Record excerpts:
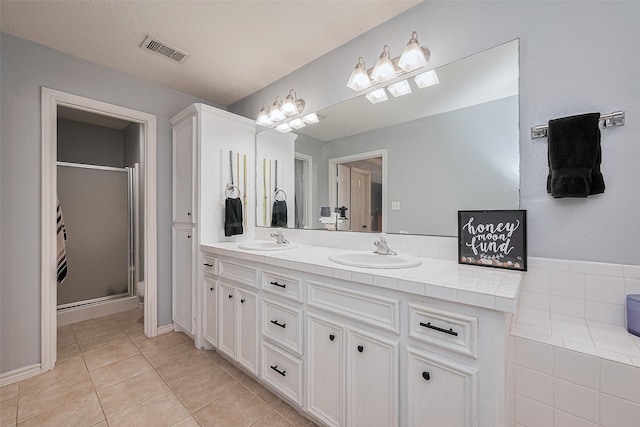 109 Moonspinner, Conroe, TX 77356 - full bathroom featuring double vanity, tile patterned floors, and a shower stall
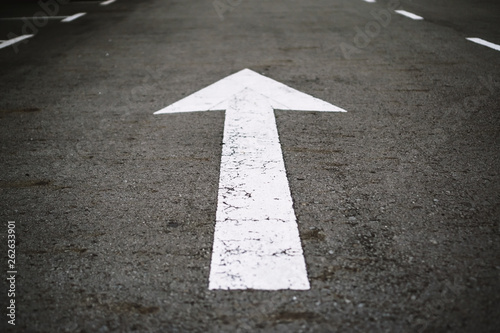 Arrow Sign on Asphalt Road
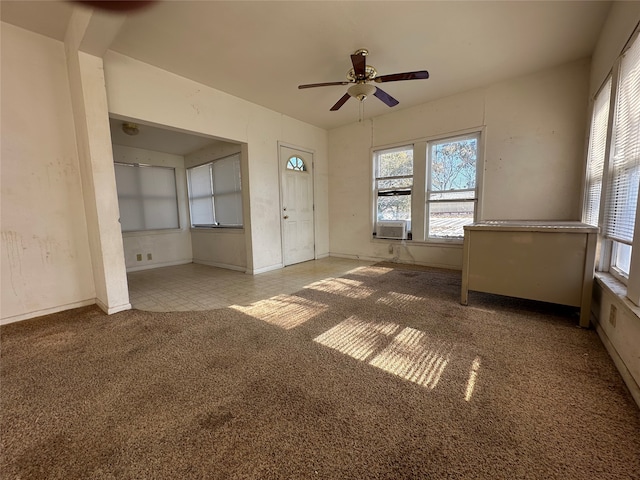 unfurnished living room featuring light carpet and ceiling fan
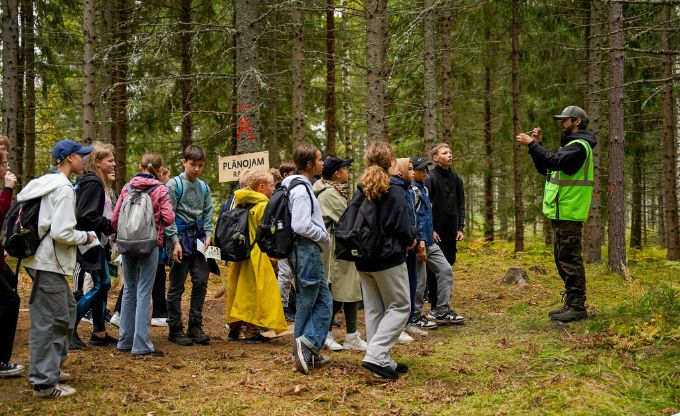 Skolēnu grupa stāv mežā kopā ar LVM darbinieku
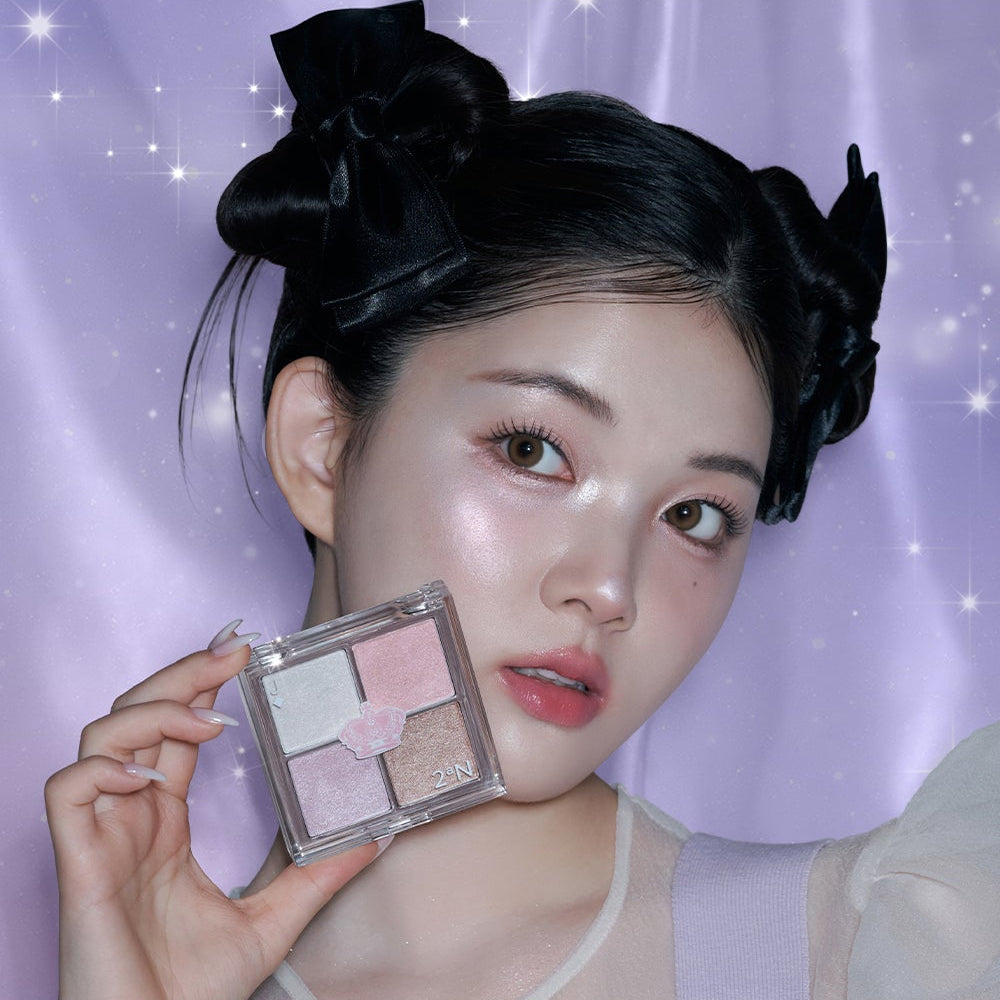 Model holding 2AN Jelly Glow Highlighter Palette 10.8g against a purple backdrop, highlighting its shimmery shades.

Activity: Would you print the listing above in full, exactly, but with no pictures?

Expected answer:
 109 Moonspinner, Conroe, TX 77356 - full bathroom featuring double vanity, tile patterned floors, and a shower stall
 Arrow Sign on Asphalt Road
 unfurnished living room featuring light carpet and ceiling fan
 Skolēnu grupa stāv mežā kopā ar LVM darbinieku
 Model holding 2AN Jelly Glow Highlighter Palette 10.8g against a purple backdrop, highlighting its shimmery shades.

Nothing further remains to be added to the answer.